Thursday, October 7, 2010

Touchy Touchy

Today I took Sadie in for her regular PT session, and it didn't go well. At home she's been so great -- crawling everywhere, being cool with me moving around the house. This week she began cruising, although she's still very tentative about it and will only do it if I'm standing nearby. She also pulled up successfully a few times on the couch and coffee table.

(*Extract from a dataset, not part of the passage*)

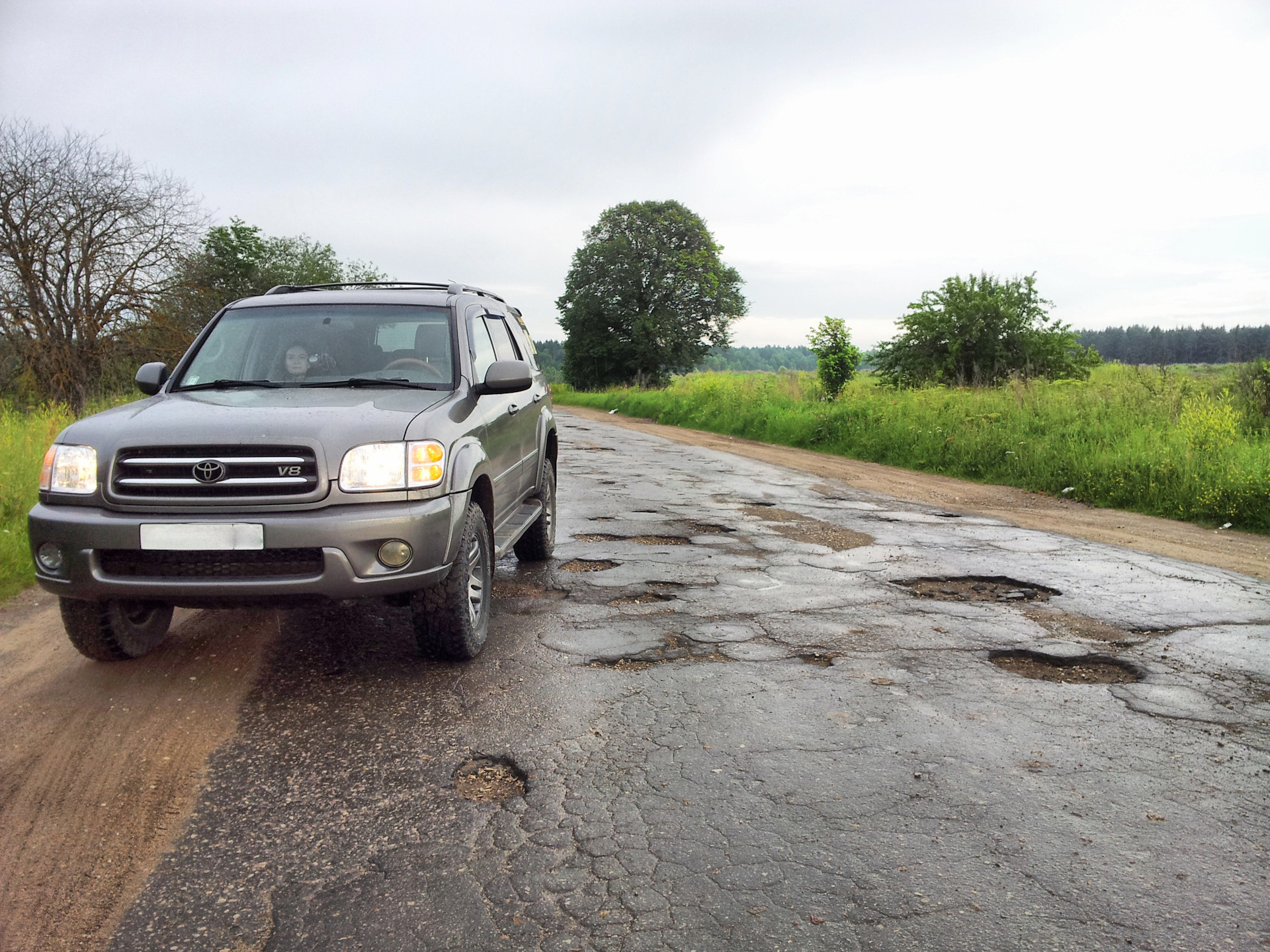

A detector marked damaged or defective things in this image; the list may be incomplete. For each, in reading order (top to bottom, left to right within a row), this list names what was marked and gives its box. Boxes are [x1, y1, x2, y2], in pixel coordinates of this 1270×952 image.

At PT, though, she's a mess. She immediately wigs out if I try to move away from her, or if she gets frustrated by not being able to do something, and goes into complete shut-down mode, screaming. She stiffens up all of her muscles, grabs whatever toys are in reach, and hurls them across the room. Usually she can be distracted out of her crying, but today it just got worse and worse. Eventually she went into full meltdown, crying hysterically. It was so hard to watch her physically shut down, so that even though she was standing up playing with toys, she wouldn't sit down so she could crawl over to me. Joy had to move her into a sitting position by hand, after which she crawled over to me, wailing dramatically, buried her head in my lap, and refused to move.

Joy and I had a talk afterwards. I explained that while she's cool at home, social situations often cause her to freeze up. Even if she's more curious than fearful -- like, for instance, if we're at a baby gym or at someone's house on a playdate -- she still would much rather sit in one spot and watch the action around her than explore, experiment or join in.

I know that I'm making it sound like I'm expecting too much of her, and maybe I am. On the other hand, this is all tied together to her behavior at day care, where she would get upset and, rather than try to find a solution on her own, go into immediately hysterics and stay in that hysterical state until someone picked her up and soothed her, gave her a paci, let her hold her special blanket.

Joy has recommended that we take her to a developmental pediatrician. Apparently there's a woman who works out of the Pasadena Children's Center who is supposed to be very good. I talked with Scott about it and his immediate reaction was, "If they want to put her on drugs, we're saying no." I agree with him, of course, and I feel torn about the whole thing.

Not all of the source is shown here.